The electronics industry in particular has been under heavy scrutiny for the use of forced labour. To improve this, Dutch phone maker Fairphone sources the required minerals, such as gold, from fair-trade mines.

Fairtrade International established an auditing and certification scheme to help particularly artisanal and small-scale miners to improve working conditions, and to help companies and customers to buy slavery-free minerals with confidence.

By developing close relationships with suppliers, businesses can work out the causes of slavery, apply standards and enforce these with whistleblowing practices.

Whistleblowing in supply chains

Establishing whistleblower frameworks sends a strong signal to employees that they are encouraged to come forward to company authorities when they experience or witness anything that can be suspected as forced labour or a form of slavery. Frameworks like this allow the business to rectify the situation internally, and to avoid a full-blown public scandal.

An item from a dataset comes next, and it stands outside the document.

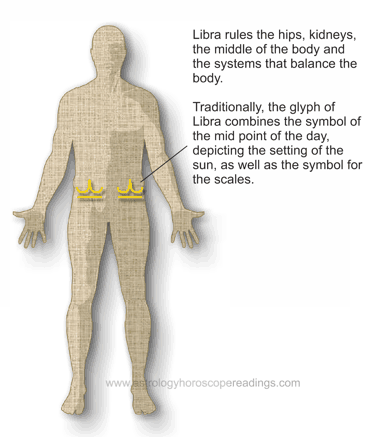 The relationship of Libra to the body. Image copyright 2014 Roman Oleh Yaworsky, www.astrologyhoroscopereadings.com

Whistleblowing frameworks are a double-edged sword when it comes to slavery in supply chains. While it might make it easier for domestic employees to report issues, they hardly have the capacity to protect forced workers at overseas suppliers’ plants who decided to speak up about working conditions.

Large businesses, Qantas and Wesfarmers, announced they would establishing whistleblower reporting and investigation frameworks in 2015. But the details on how these work are still not publicly available.

The ConversationAny proposed solution to eliminating modern slavery from supply chains ironically does not need to start with looking at the suppliers, but needs to begin with an interval review of a business’ procurement department or division. Change must come from within the business.